■ Exercise prompt
Only the lines below between the ones containing "Welche Rolle spielen" and "What Colour should my tongue be?", inclusive, are to be reproduced, each exactly as it stands.
-- Data shown follows --
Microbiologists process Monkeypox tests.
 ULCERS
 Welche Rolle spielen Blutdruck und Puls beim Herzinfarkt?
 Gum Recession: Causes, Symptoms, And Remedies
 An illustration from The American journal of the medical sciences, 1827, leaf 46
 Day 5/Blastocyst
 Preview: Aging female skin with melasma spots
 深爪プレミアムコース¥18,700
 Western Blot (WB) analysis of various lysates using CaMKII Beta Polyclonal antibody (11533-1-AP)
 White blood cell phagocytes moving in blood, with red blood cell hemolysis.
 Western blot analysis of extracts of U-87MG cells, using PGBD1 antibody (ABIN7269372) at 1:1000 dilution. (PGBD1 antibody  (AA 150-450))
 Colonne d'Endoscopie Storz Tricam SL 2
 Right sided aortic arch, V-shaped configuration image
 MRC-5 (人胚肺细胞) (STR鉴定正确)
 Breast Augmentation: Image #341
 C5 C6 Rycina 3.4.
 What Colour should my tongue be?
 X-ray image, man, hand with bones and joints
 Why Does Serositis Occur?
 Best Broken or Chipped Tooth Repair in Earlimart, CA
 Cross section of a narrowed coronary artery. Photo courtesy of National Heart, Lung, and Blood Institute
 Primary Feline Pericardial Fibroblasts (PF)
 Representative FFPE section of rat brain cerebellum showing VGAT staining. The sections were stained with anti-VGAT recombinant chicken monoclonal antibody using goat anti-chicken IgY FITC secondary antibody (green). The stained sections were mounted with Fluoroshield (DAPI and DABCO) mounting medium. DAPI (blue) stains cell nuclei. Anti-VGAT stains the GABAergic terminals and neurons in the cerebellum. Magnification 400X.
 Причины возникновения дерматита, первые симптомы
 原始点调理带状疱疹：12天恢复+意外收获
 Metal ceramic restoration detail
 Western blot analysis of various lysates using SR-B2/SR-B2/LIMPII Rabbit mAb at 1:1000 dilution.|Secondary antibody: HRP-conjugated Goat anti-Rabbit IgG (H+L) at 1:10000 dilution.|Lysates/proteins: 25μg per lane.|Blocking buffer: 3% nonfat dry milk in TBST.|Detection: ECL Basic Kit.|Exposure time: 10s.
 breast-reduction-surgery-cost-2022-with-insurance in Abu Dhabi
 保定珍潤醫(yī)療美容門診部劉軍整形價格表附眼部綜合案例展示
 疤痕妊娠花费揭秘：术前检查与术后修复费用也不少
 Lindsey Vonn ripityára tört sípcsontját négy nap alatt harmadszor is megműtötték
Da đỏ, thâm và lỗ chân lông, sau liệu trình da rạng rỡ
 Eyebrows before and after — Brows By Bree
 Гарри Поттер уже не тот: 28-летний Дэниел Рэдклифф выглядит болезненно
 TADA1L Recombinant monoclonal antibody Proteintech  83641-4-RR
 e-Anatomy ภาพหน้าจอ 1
-- Data shown concluded --
■ Result
 Welche Rolle spielen Blutdruck und Puls beim Herzinfarkt?
 Gum Recession: Causes, Symptoms, And Remedies
 An illustration from The American journal of the medical sciences, 1827, leaf 46
 Day 5/Blastocyst
 Preview: Aging female skin with melasma spots
 深爪プレミアムコース¥18,700
 Western Blot (WB) analysis of various lysates using CaMKII Beta Polyclonal antibody (11533-1-AP)
 White blood cell phagocytes moving in blood, with red blood cell hemolysis.
 Western blot analysis of extracts of U-87MG cells, using PGBD1 antibody (ABIN7269372) at 1:1000 dilution. (PGBD1 antibody  (AA 150-450))
 Colonne d'Endoscopie Storz Tricam SL 2
 Right sided aortic arch, V-shaped configuration image
 MRC-5 (人胚肺细胞) (STR鉴定正确)
 Breast Augmentation: Image #341
 C5 C6 Rycina 3.4.
 What Colour should my tongue be?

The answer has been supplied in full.